Linux-Development-Sys Digest #756, Volume #8     Tue, 29 May 01 11:13:15 EDT

Contents:
  how to access physical memory at specified address? (Christoph Pacher)
  Looking for a software development tool ("Krithika Chidambaram")
  gcc 2.95, segfault when throwing exceptions (_eh_rtime_match) ("Dirk-Jan C. Binnema")
  Re: Did not find COAS?? ("psy")
  Re: sockets ("Gregory T. Dunlap")
  Looking for MTD driver for MachZ(ZFx86) IDS ("sang")
  Getting CURRENT load average ("Cameron Kerr")
  system ticks in linux (shanaz)
  Re: Does /sbin/dump in RedHat 7.1 ever hang for anyone? (Anonymous)
  Re: how to access physical memory at specified address? (Vyacheslav Burdjanadze)
  Stack size of kernel_thread (Hanspeter Halle)
  Why does anacron execute jobs twice? (Anonymous)
  Re: gcc 2.95, segfault when throwing exceptions (_eh_rtime_match) (Nix)
  Re: Why does anacron execute jobs twice? ("Peet Grobler")
  Re: Did not find COAS?? (Massimiliano Caovilla)
  Re: what does the prefix "__" mean (Vyacheslav Burdjanadze)
  Re: Lilo question ("Hugin")
  Re: fast disk writes (Alexander Viro)
  Re: how to access physical memory at specified address? (=?iso-8859-1?Q?Andr=E9?= 
David)
  Re: mtrr: type mismatch (=?iso-8859-1?Q?Andr=E9?= David)

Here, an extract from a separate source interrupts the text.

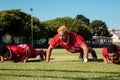 Male multiracial players in red uniforms practicing push-ups on grassy field against clear sky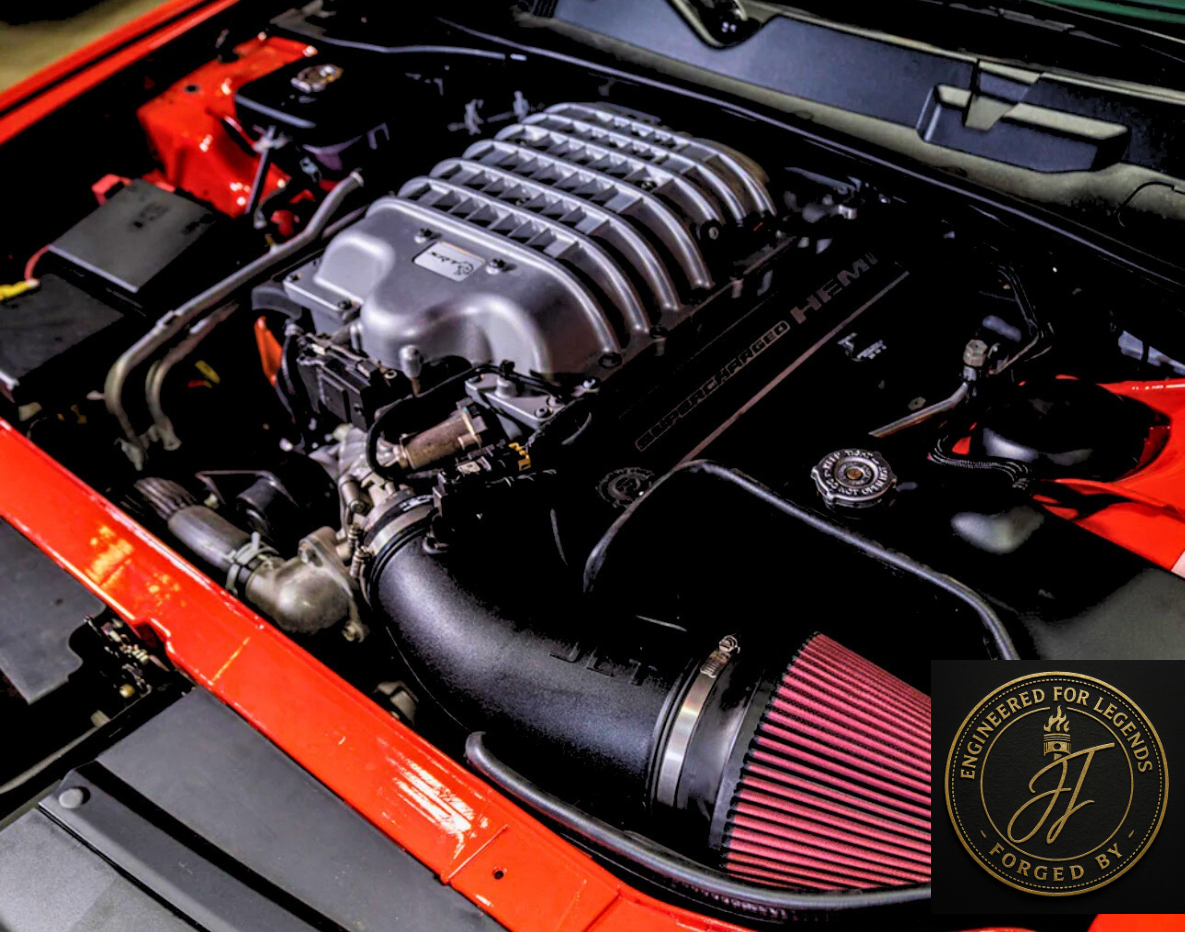Close-up of a red car's engine bay with a supercharged HEMI engine and aftermarket cold air intake, featuring a logo badge in the corner.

----------------------------------------------------------------------------

From: Christoph Pacher <[EMAIL PROTECTED]>
Subject: how to access physical memory at specified address?
Date: Tue, 29 May 2001 00:03:21 +0200

hi !

I need to read/write memory blocks at a specified address space to test
DRAM chips. Is there a possibility to prevent the kernel (and
applications) from using/allocating predefined memory blocks? If there
another way except using /dev/mem to access then that memory block?

Do you know any open source memory test programs?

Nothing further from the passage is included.